===== Record extracts

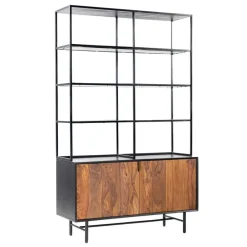 HUUS Opbergkasten|Boekenkasten*Boekenkast Taviano – 110cm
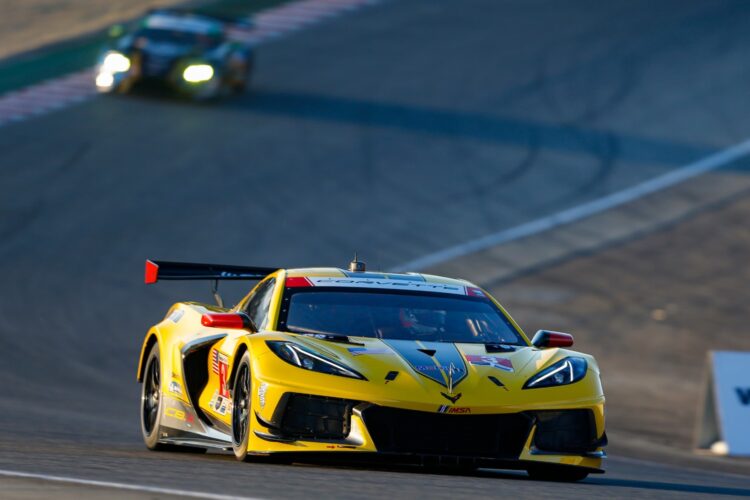 Garcia, Taylor, No.3 Corvette secures IMSA GTLM title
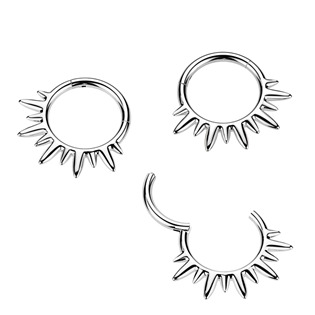 TIT1756-1208 Piercing segment kruh TITAN s hroty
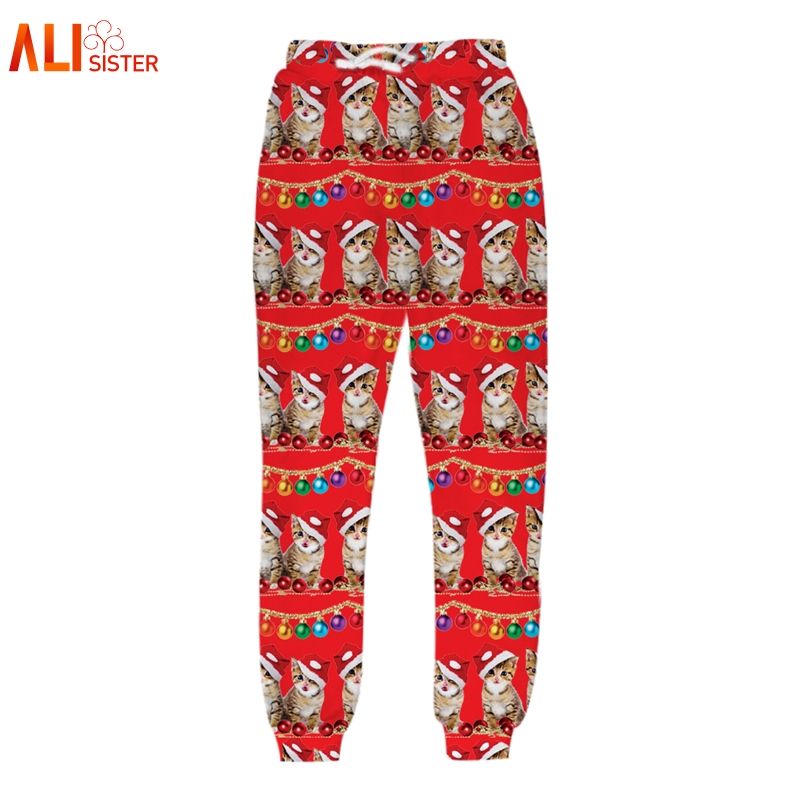 plus size christmas pants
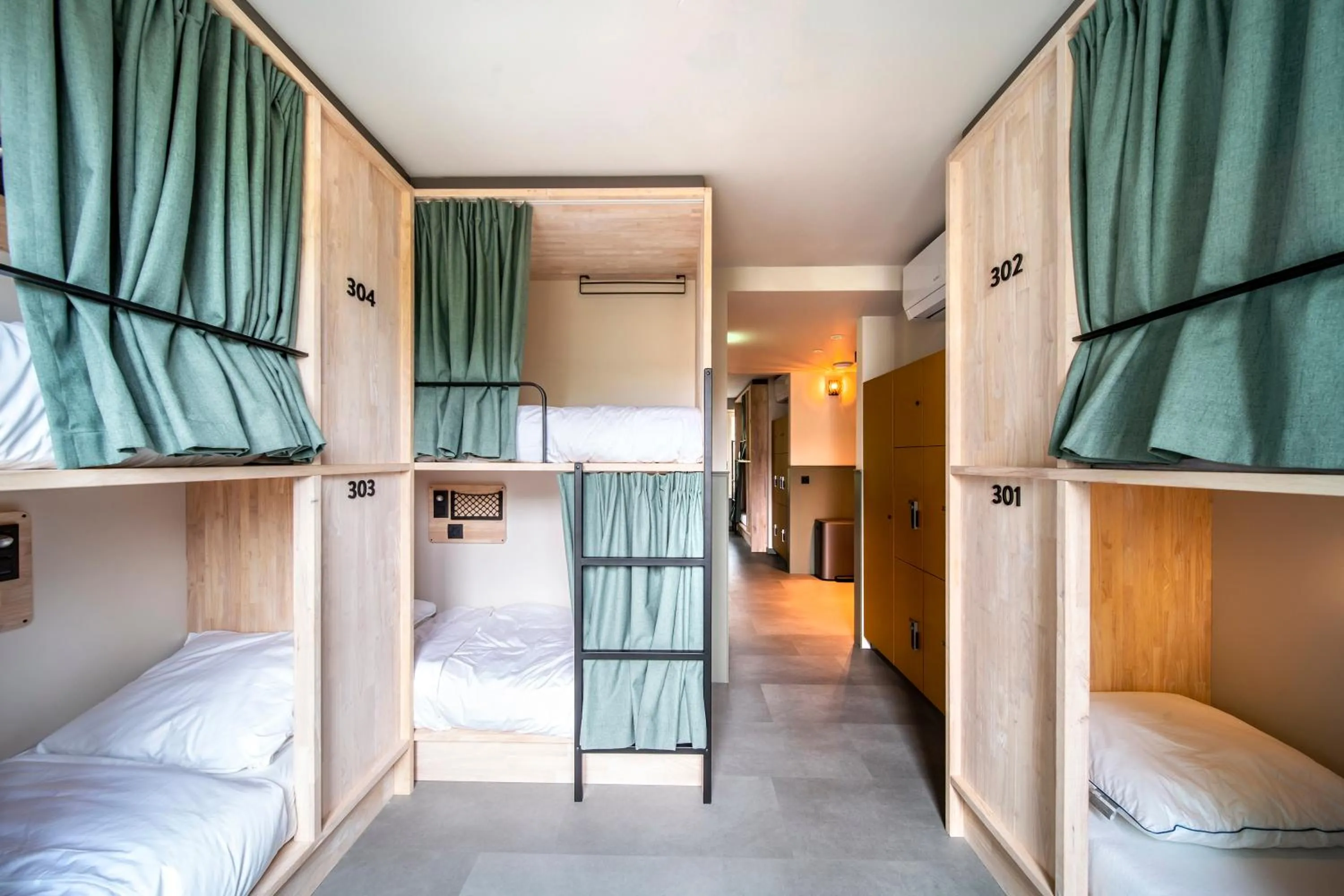 Bed in The Bee Hostel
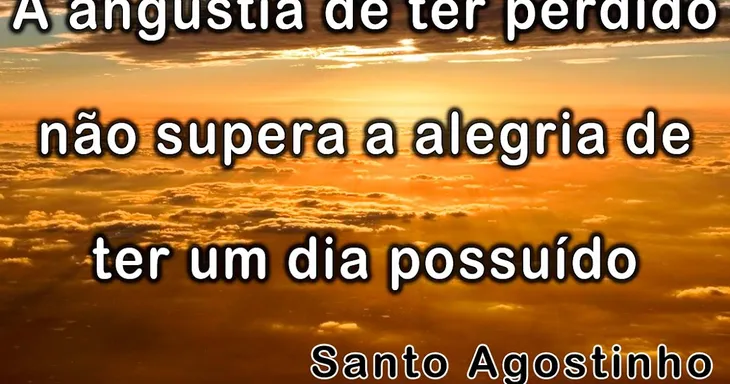 10139 15018 - Santo Agostinho Frases Morte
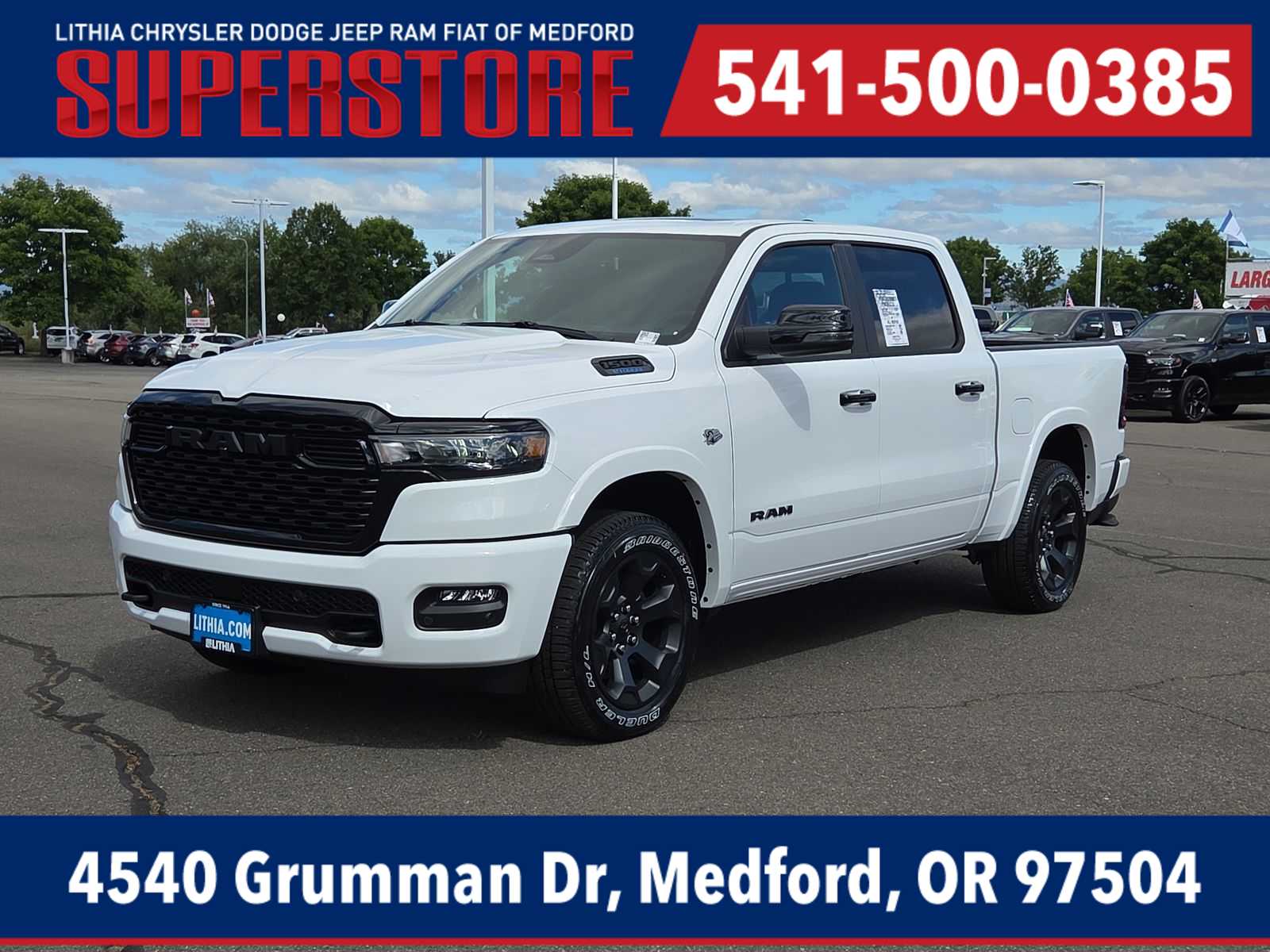 2026 RAM 1500 Big Horn/Lone Star 4x4 Crew Cab 5'7's photo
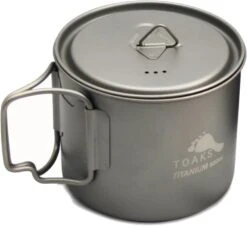 Light Titanium 550ml Pot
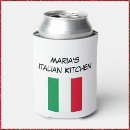 Search for italian can coolers Flag of italy
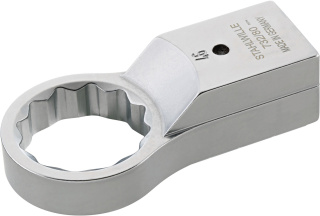 Końcówka wtykowa oczkowa 24,5 x 28 mm, 27 mm - Stahwille 732/80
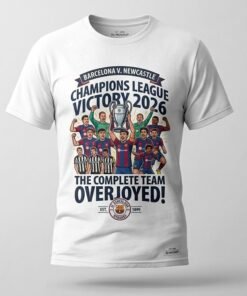 Newcastle Vs Barcelona In The 2026 Champions League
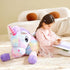 IKASA Giant Unicorn Stuffed Animal Plush Toy | 43 inches Large Cute Jumbo Plushie for Kids & Girls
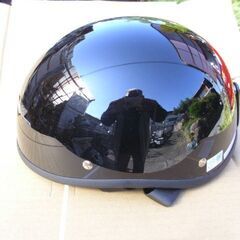 美品！ダックテール（黒）　中古ヘルメット◆彦根市～の画像
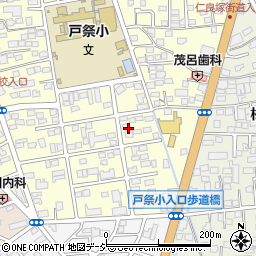 〒320-0056 栃木県宇都宮市戸祭の地図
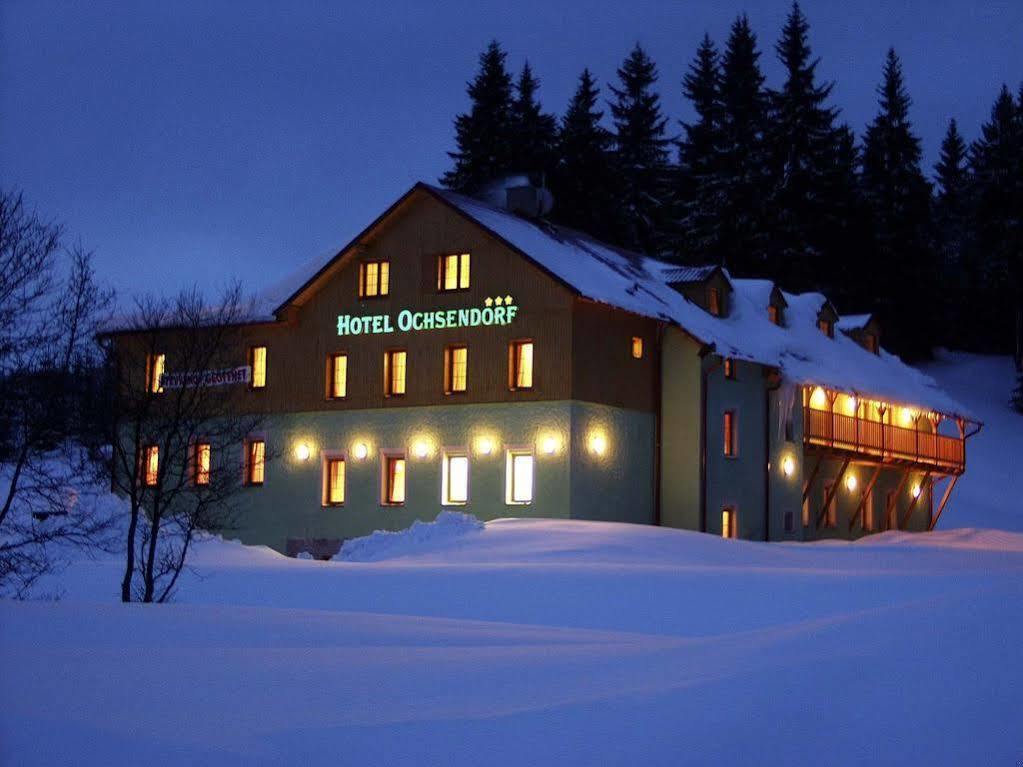 Aparthotel Ochsendorf Horni Blatna Exterior foto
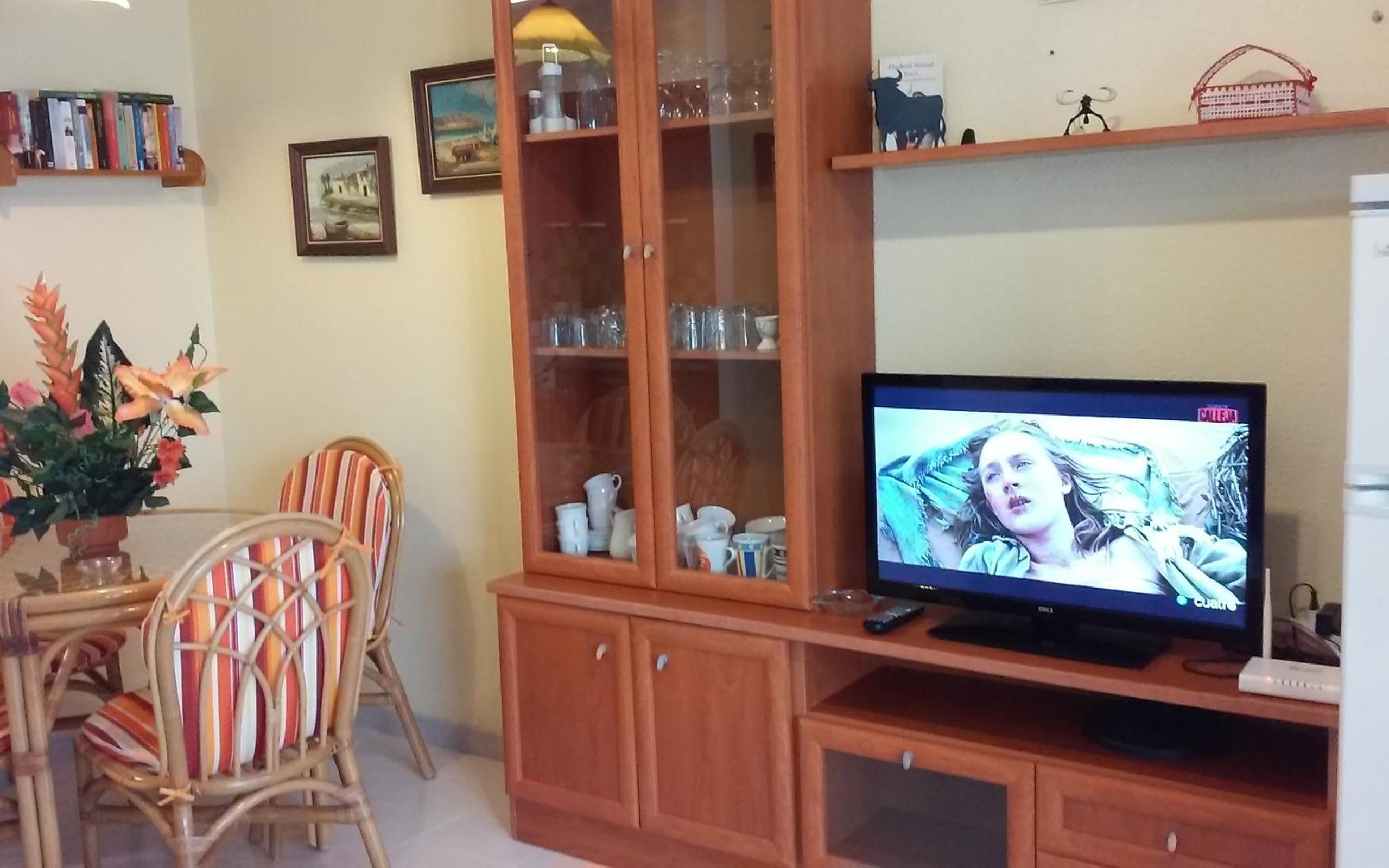 Apartamento con vista al mar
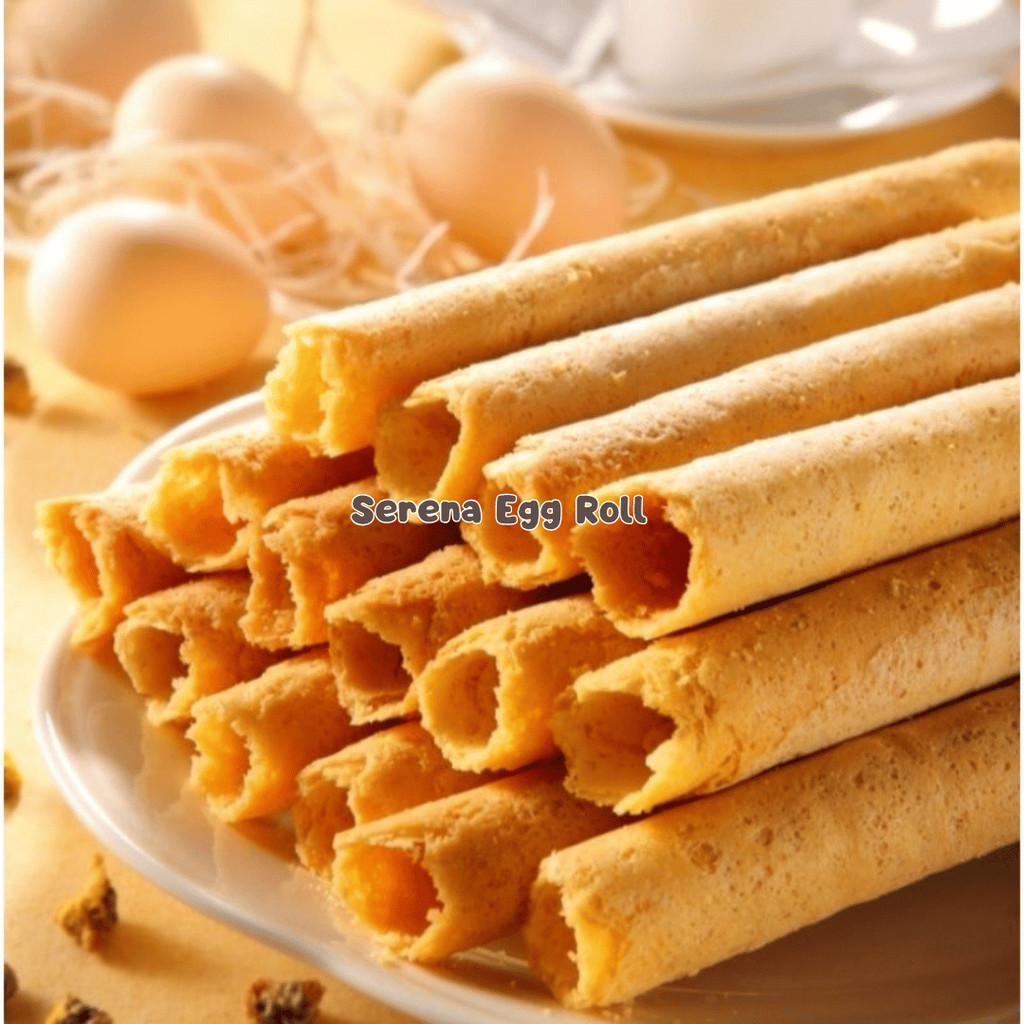 

serena egg roll serena egg roll monde serena monde kue egg roll 250gr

==========

- _How to complete this task_
Start with the first line of the records above and end with the line containing "10139 15018 - Santo Agostinho Frases Morte". Output those lines exactly, pictures excluded.

- _Your solution_
 HUUS Opbergkasten|Boekenkasten*Boekenkast Taviano – 110cm
 Garcia, Taylor, No.3 Corvette secures IMSA GTLM title
 TIT1756-1208 Piercing segment kruh TITAN s hroty
 plus size christmas pants
 Bed in The Bee Hostel
 10139 15018 - Santo Agostinho Frases Morte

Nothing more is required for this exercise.